Copy everything in the listing below word for word, apart from any images.

[Source data — start]

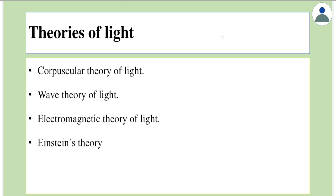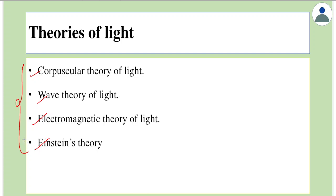Hello everyone, let's study about the different theories of light. From time immemorial, people have been observing light and many theories have been put forward to explain how light behaves. The first theory is called corpuscular theory, the second is wave theory, the third is electromagnetic theory, and the fourth is Einstein's theory. These are the four important theories proposed by different scientists.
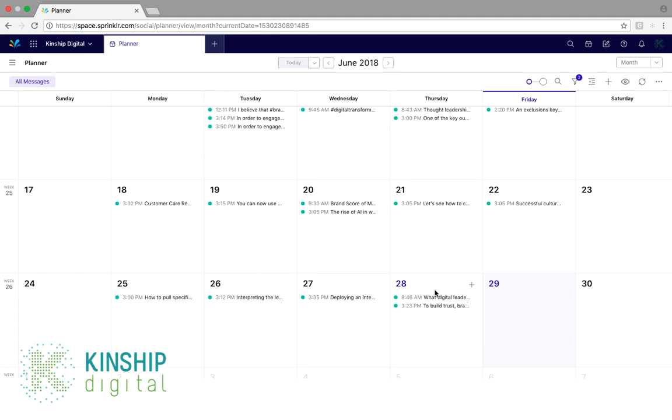However, in terms of scheduling an outbound post, we would obviously look at a date in the future. And by again selecting the plus symbol located at the top right of the intended date, we can now also create a message.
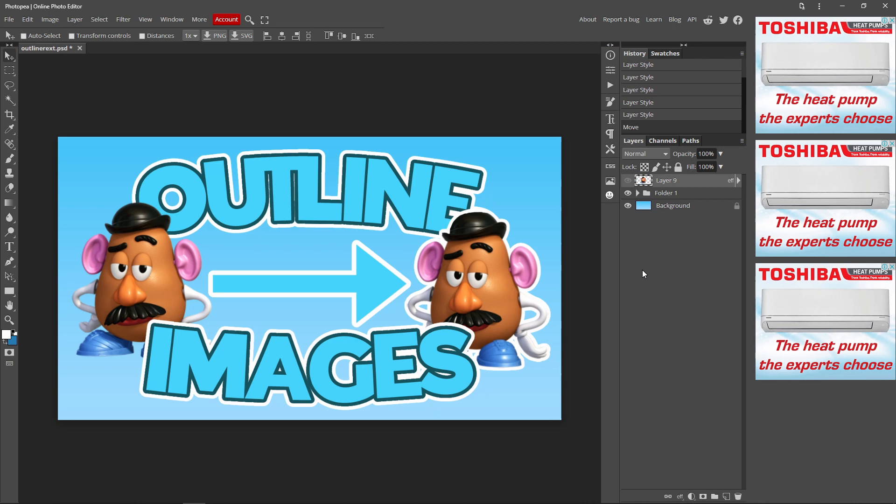Hi guys, I'm Lisa and welcome back to another video. In today's video, I'm going to be showing you guys how you can outline images inside Photopea, like this example right here.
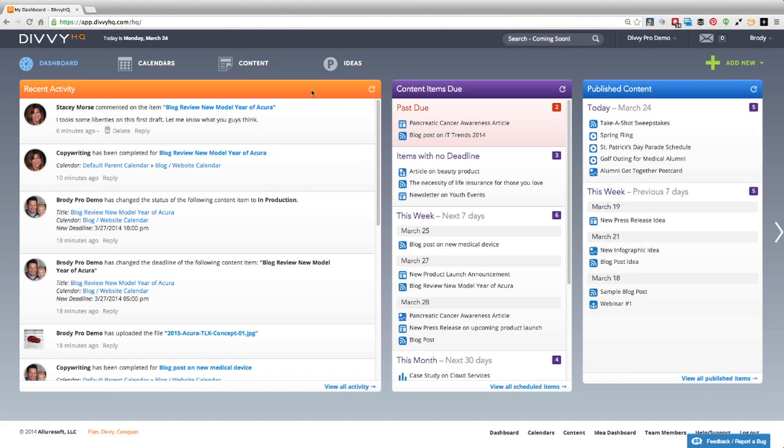The Divi 2.0 dashboard has been completely reimagined to give you a more robust view of your team's activity and the content that is being produced within your account.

[Source data — finish]

- _Exercise solution_:
Hello everyone, let's study about the different theories of light. From time immemorial, people have been observing light and many theories have been put forward to explain how light behaves. The first theory is called corpuscular theory, the second is wave theory, the third is electromagnetic theory, and the fourth is Einstein's theory. These are the four important theories proposed by different scientists.
However, in terms of scheduling an outbound post, we would obviously look at a date in the future. And by again selecting the plus symbol located at the top right of the intended date, we can now also create a message.
Hi guys, I'm Lisa and welcome back to another video. In today's video, I'm going to be showing you guys how you can outline images inside Photopea, like this example right here.
The Divi 2.0 dashboard has been completely reimagined to give you a more robust view of your team's activity and the content that is being produced within your account.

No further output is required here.